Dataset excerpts
• • • • • • •

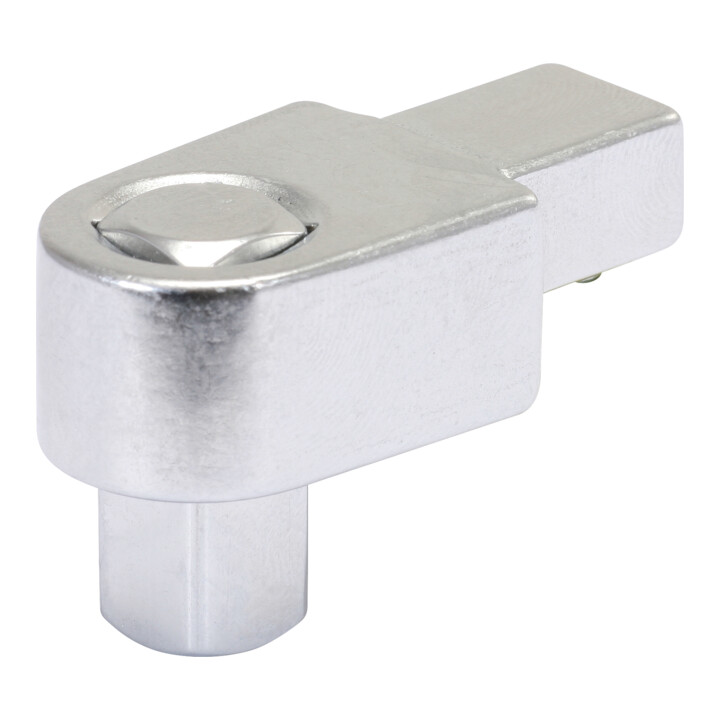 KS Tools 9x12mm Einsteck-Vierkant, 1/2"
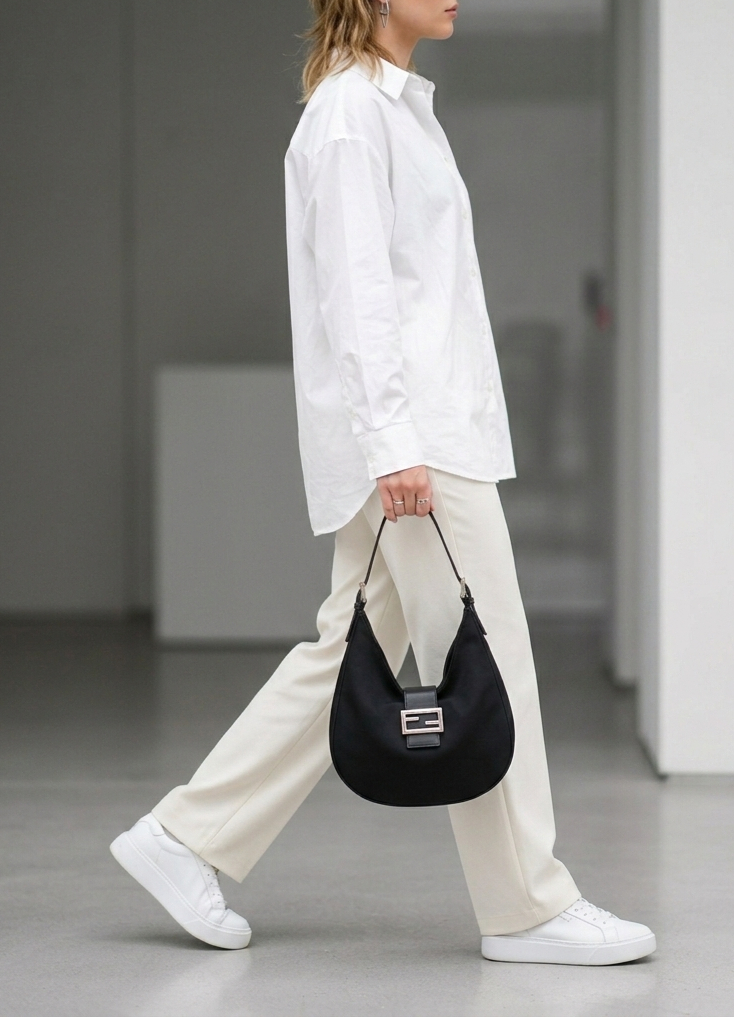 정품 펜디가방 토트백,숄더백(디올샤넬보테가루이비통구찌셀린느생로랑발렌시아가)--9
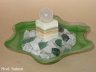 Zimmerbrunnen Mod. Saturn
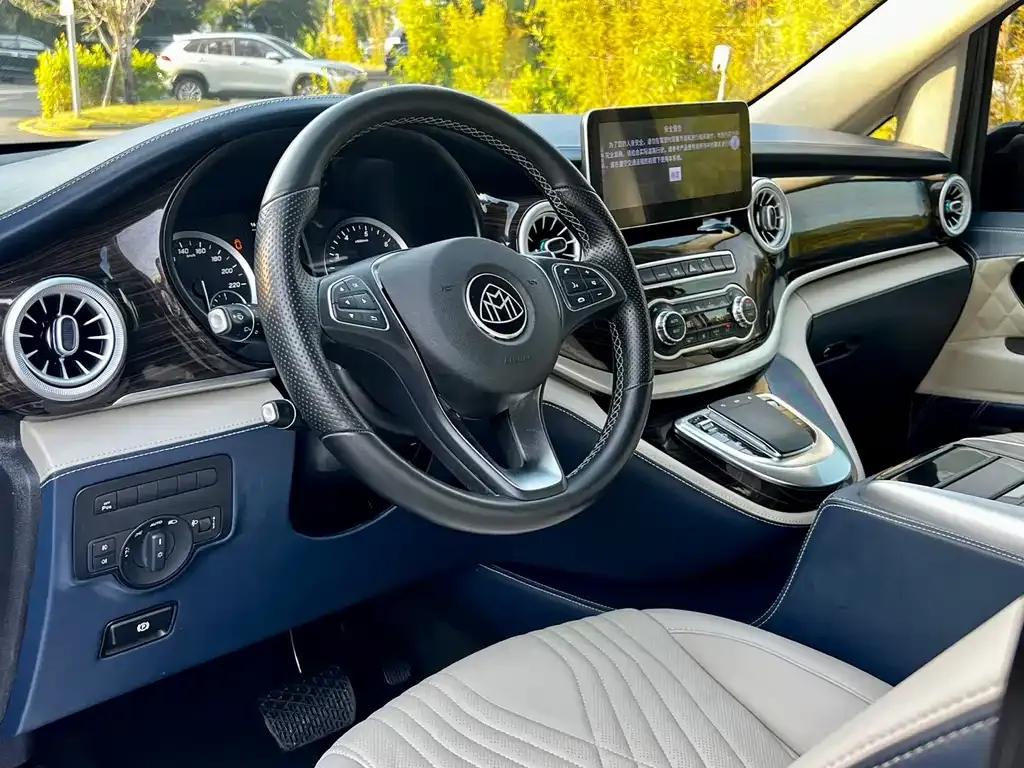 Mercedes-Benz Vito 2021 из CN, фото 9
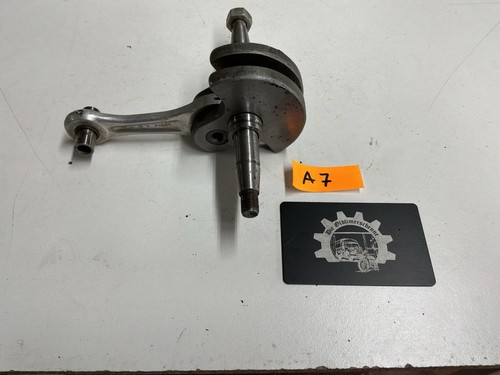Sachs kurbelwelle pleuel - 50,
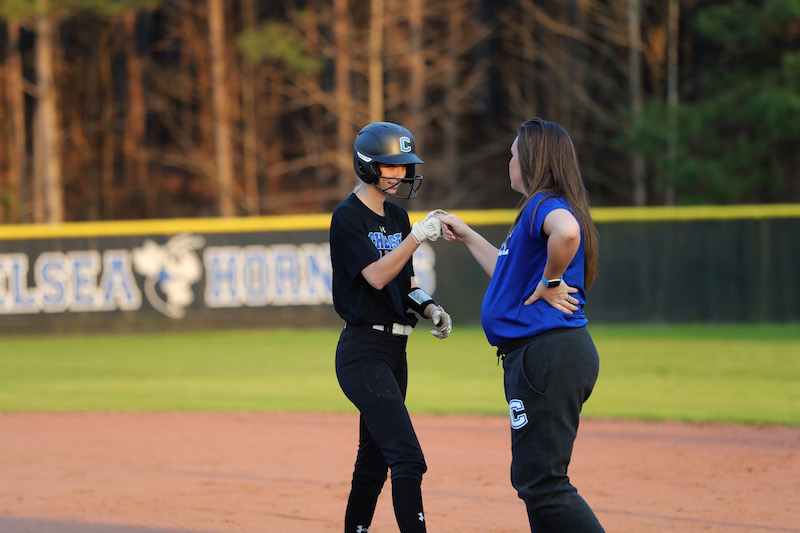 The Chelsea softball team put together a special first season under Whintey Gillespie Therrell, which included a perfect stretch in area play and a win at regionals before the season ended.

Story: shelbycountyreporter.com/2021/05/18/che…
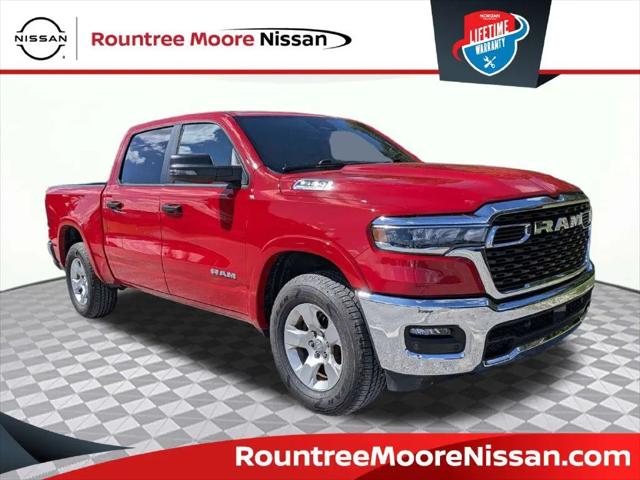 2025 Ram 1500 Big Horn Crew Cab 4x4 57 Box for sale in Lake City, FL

• • • • • • •

[Exercise goal]:
Each line above starting at the one holding "Sachs kurbelwelle pleuel" and ending at the one holding "Story: shelbyc" should be set down exactly as it stands, both ends included, with no pictures.

[Response area]:
Sachs kurbelwelle pleuel - 50,
 The Chelsea softball team put together a special first season under Whintey Gillespie Therrell, which included a perfect stretch in area play and a win at regionals before the season ended.

Story: shelbycountyreporter.com/2021/05/18/che…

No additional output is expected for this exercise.